Mohammad Chowdhury is PwC's Telecom, Media and Technology consulting leader across Australia, SE Asia and New Zealand. Until recently he built the practice in India where he became one of the most quoted industry experts in the country. Mohammad has served as an adviser to telecom sector reform in Saudi Arabia, Zimbabwe, Ethiopia, Slovakia, Poland and Slovenia and during 2015 as national telecommunications adviser to the Government of Myanmar. Previously in his career he has conducted significant strategic roles at Vodafone and IBM. He is quoted regularly by the Financial Times, Wall Street Journal, BBC, CNBC, TV-18 and NDTV. Mohammad has worked in 83 countries, lived in 7 and speaks 6 languages. He has a BA in Politics, Philosophy and Economics from Oxford University, an MPhil in Economics from Cambridge University, and strategy training from Harvard Business School. He was born in London, has family origins in Bangladesh, and is married with two sons.
With the possible exception of drama-seeking journalists, almost everybody will be hoping that 2013 is less turbulent than 2012 for India's telecom sector. Operators, customers and the government – all lived dangerously this year: Some emerged unscathed, while others got well and truly burnt.
By the time the year is out, less than a dozen of India’s 15-odd mobile operators will have survived the regulatory and judicial assault that the industry has borne over the past 12 months. The Supreme Court judgement of February rang the death knell for several operators by cancelling their long-term rights to provide service in many or all of India’s 22 licensed service areas.
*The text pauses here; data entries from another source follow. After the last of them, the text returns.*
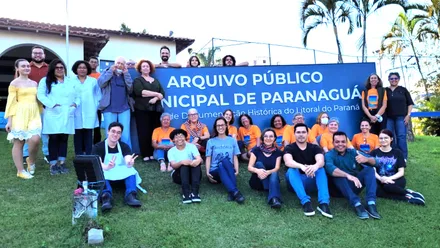 Imagem da galeria da noticia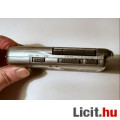Tamashi WD300 Diktafon (hibásan működik)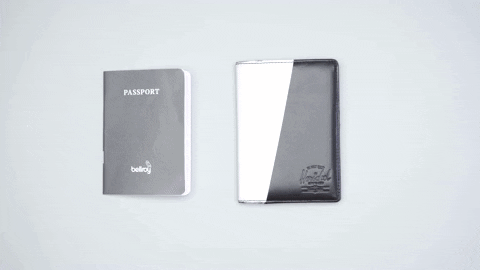 packhacker giphyupload GIF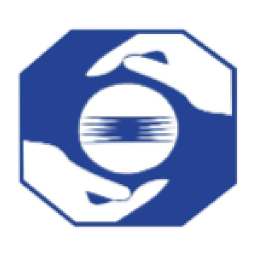 Indian Renewable Energy Development Agency Limited logo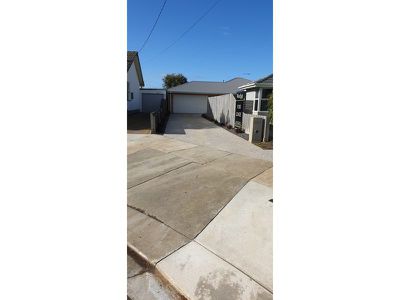 3A Bennett Court, Leopold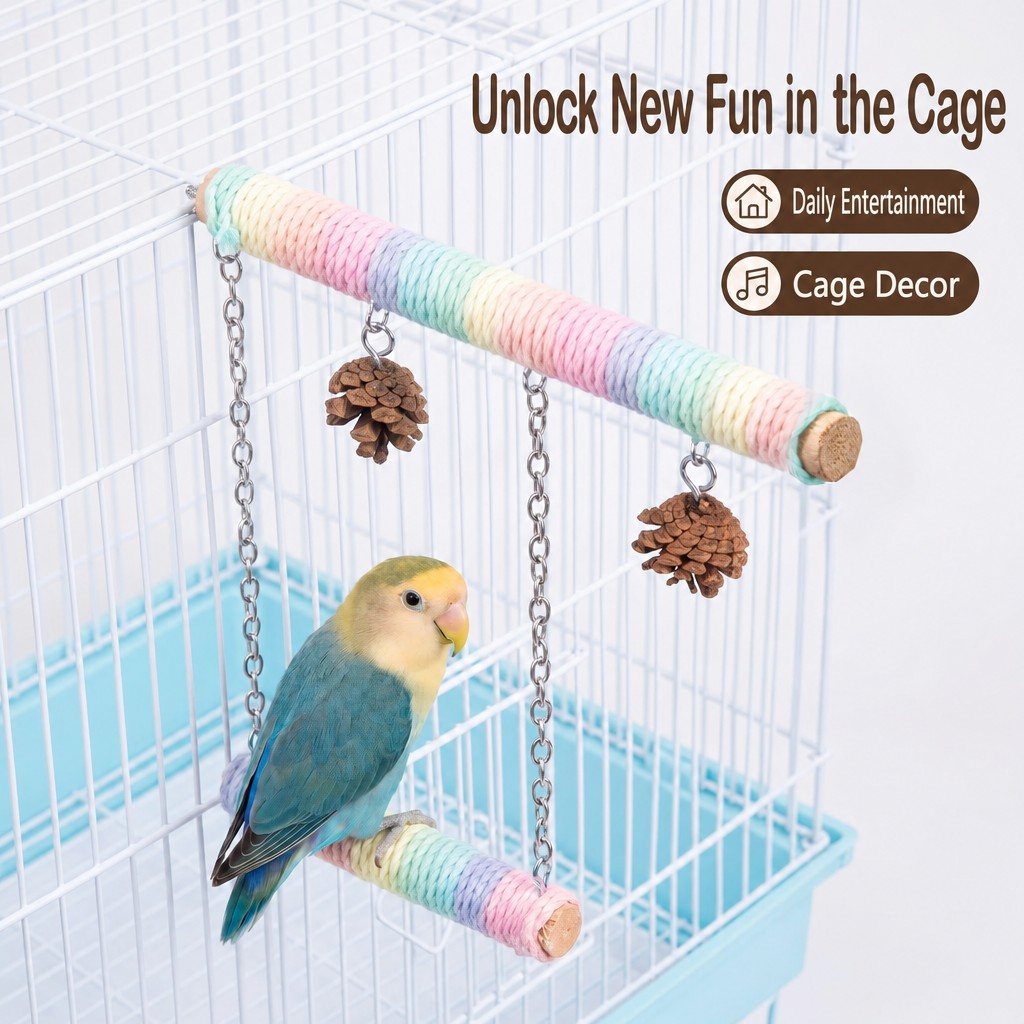 Parrot Perch Swing with Pineco - head_001.png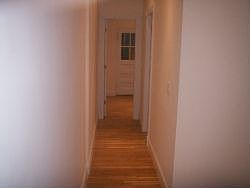 2nd image of 1542 2nd Ave #2A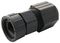 AMPHENOL LTW RCP-00BMMS-SLM7001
The judges may not have realised it; but this verdict was seminal because it precipitated the demise of hyper-competition in Indian telecom, heralding the arrival of a new chapter of stable, measured industry rivalry. During the next two years, we will see the emergence of an industry with 4-5 national operators and a number of niche players concentrating on particular geographies or customer groups.
For those that survive, only relentless transition to non-price based innovation, truly engaging customer service, and new levels of inter-circle operating efficiency will result in a continued march forward.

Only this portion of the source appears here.